THE FINNISH GOVERNMENT is prepared to borrow an additional 10 billion euros this year to finance the emergency funding scheme it announced for electricity producers last weekend.
The Ministry of Finance on Monday pointed out that the effects of the scheme on central government debt remain unknown due to uncertainty over how many electricity producers will have no choice but to resort to the loans and guarantees offered under the scheme.
“It’s clear that in a situation as uncertain as this, where we don’t know whether companies will come to the state’s loan counter, it’s very unlikely that we’ll prepare to grant the full 10 billion euros in loans,” Teppo Koivisto, the director of finance at the State Treasury, was quoted saying by YLE.
Should the demand for the loans exceed expectations, though, central government debt could increase by as much as 18.9 billion euros in 2022.
Minister of Finance Annika Saarikko (Centre) stated that the funding should not be misconstrued as financial aid or subsidy.
“It’s a loan,” she emphasised. “Companies must pay it back in two years’ time. And the government would only lose money in the extreme circumstance where the company ends up permanently insolvent. Even then, similarly to a regular loan, a share of the company’s collaterals – such as power plants or electricity production – corresponding to the [loan] value would end up in the state’s possession.”
The emergency funding scheme enables the government to grant loans and guarantees to companies with an electricity production capacity of more than 100 megawatts that have exhausted all other financing options, that are deemed critical for the functioning of the electricity market and that are at risk of insolvency due to soaring collateral requirements.
The terms and conditions of the financing are tremendously strict to ensure it is used only as a last-resort option.
They will be granted on a case-by-case basis following an approval from the Ministry of Economic Affairs and Employment. The Ministry of Finance additionally retains the right to commission an external review of the risks associated with each loan.
The loan cannot be granted to a company that has or has had financial difficulties.
The financing will be available until the end of next year with a maximum repayment period of two years and with a total interest rate of 10 per cent for the first six months and one of 12 per cent for the rest of the repayment period, according to Helsingin Sanomat.

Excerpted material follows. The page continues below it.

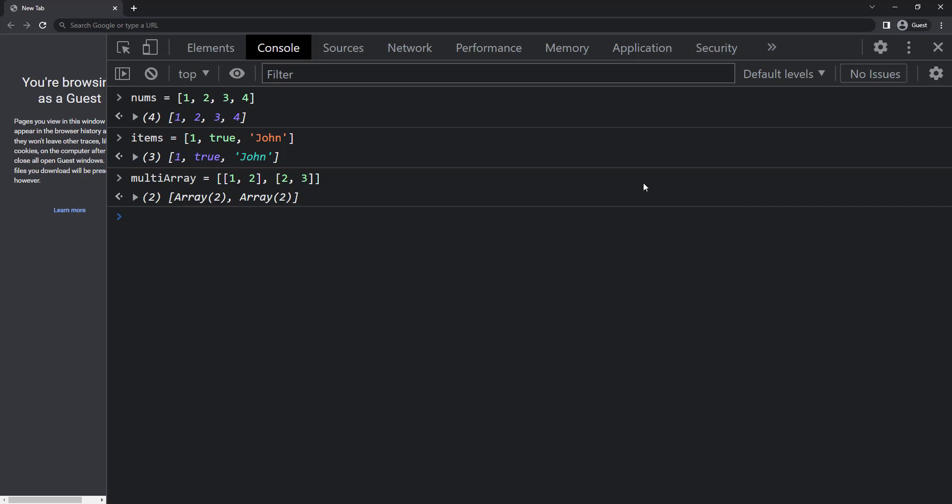To create an array, we can use the square brackets and some items inside. To create an empty array, we can use empty square brackets.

The borrower, in turn, will be prohibited from making dividend payouts or re-distributing their profits in other ways until the loan has been repaid. Offering bonuses, pay rises and other incentives to the management will similarly be prohibited between 2022 and 2023. The borrower must also invite the government to take up a one per cent stake through a free share issue or consent to a three-percentage-point increase in the interest rate.
“The loan terms are exceptionally strict,” confirmed Saarikko. “It’s a message from the government to companies that this is a last-resort form of assistance. You should first turn to your owners, such as municipalities in the public sector, and market-based financing solutions.”

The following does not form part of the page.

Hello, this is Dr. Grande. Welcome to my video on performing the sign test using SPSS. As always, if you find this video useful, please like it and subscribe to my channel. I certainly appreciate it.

The government introduced the emergency funding scheme due to the mounting collateral requirements faced by energy companies active in the electricity derivatives market. Collaterals can be demanded by customers as a form of guarantee of their future electricity supply as their value is equal to the difference of the price defined in the futures contract and current price.
Energy prices have soared in the wake of Russia’s invasion of Ukraine.
The Ministry of Economic Affairs and Employment has estimated that Finnish energy companies have roughly five billion euros in liquid assets tied up in collaterals. Most of the total is accounted for by Fortum.
With Russia announcing an indefinite shutdown of gas deliveries through Nord Stream 1, the crisis is expected to exacerbate. Dmitry Peskov, the Kremlin’s spokesperson, on Monday declared that a full resumption of the deliveries is “undoubtedly” contingent on the lifting of sanctions against Russia.